Integrating these methodological considerations will enhance the rigor and reproducibility of neuronal FGF9 research while enabling more translational applications in neurodegenerative disease models.

What are the critical parameters to consider when using FGF9 in conjunction with other growth factors in complex developmental models?

When incorporating FGF9 into complex developmental models alongside other growth factors, several critical parameters must be considered to achieve optimal outcomes:

• Signaling Pathway Cross-talk:

  • FGF9 activates ERK, JNK, STAT, and PI3K pathways, which may interact with pathways activated by other factors

  • Methodology: Use specific pathway inhibitors (U0126 for MEK/ERK, SP600125 for JNK) to parse out individual contributions of each growth factor.

• Temporal Sequencing:

  • The order of growth factor exposure can dramatically affect cellular responses

  • Methodology: Design factorial experiments testing different sequences and durations of growth factor treatments (e.g., FGF9 before, after, or simultaneously with other factors).

• Concentration Ratios:

  • The relative concentrations of multiple growth factors are often more important than absolute concentrations

  • Methodology: Create response surface methodologies testing different concentration ratios rather than single-factor dose-response curves.

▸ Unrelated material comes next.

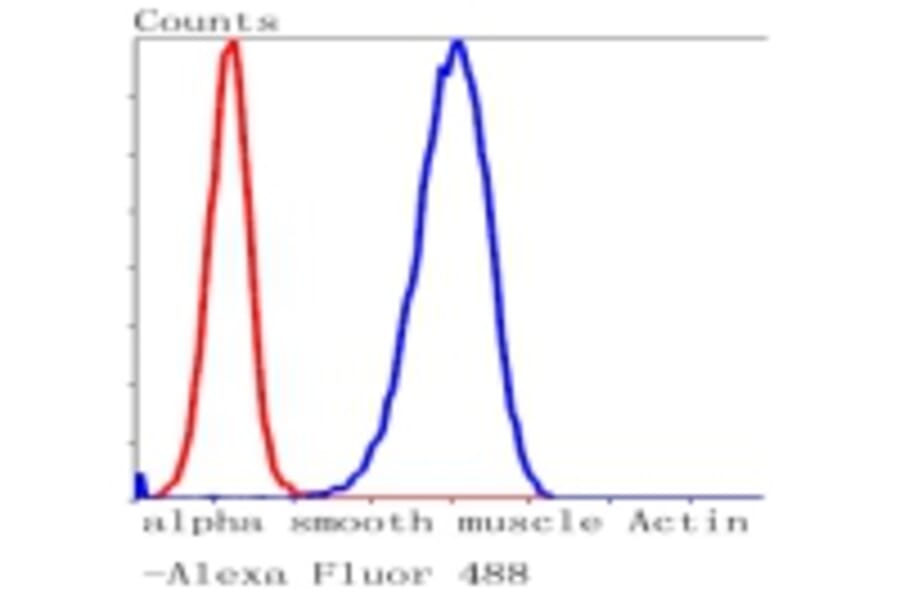Anti-α-SMA Antibody from Bioworld Technology (BS9908M) - Antibodies.com
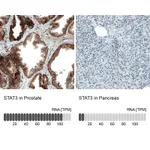 Atlas Antibodies Anti-STAT3 Antibody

• Extracellular Matrix Context:

  • ECM components can modulate FGF9 binding to receptors and co-receptors

  • Methodology: Test FGF9 activity on cells cultured on different ECM substrates (laminin, fibronectin, Matrigel).

• Common Growth Factor Combinations with FGF9:

  Developmental Context	Growth Factor Combination	Concentration Ranges	Notes
  Kidney organoids	FGF9 + BMP7 + GDNF	FGF9: 50-200 ng/mL; BMP7: 10-50 ng/mL; GDNF: 50-100 ng/mL	Sequential addition often more effective than simultaneous
  Neural development	FGF9 + SHH + Noggin	FGF9: 10-50 ng/mL; SHH: 200-500 ng/mL; Noggin: 100-250 ng/mL	Position-dependent patterning requires gradient formation
  Testicular development	FGF9 + WNT4 inhibition	FGF9: 50-100 ng/mL; WNT inhibitor: context-dependent	Antagonistic relationship critical for sex determination

• Readout Selection:

  • Different combinations produce unique cellular responses requiring specific assays

  • Methodology: Include both short-term (signaling) and long-term (differentiation, morphogenesis) readouts.

• Supporting Technologies:

  • Microfluidic systems for precise spatial control

  • Methodology: Use gradient generators to create defined concentration gradients of multiple factors simultaneously.

• Statistical Design Considerations:

  • Multi-factor experiments require appropriate statistical approaches

  • Methodology: Employ factorial design and multivariate analysis rather than simple t-tests or ANOVA.

By systematically addressing these parameters, researchers can more effectively develop physiologically relevant models that recapitulate complex developmental processes involving FGF9 signaling.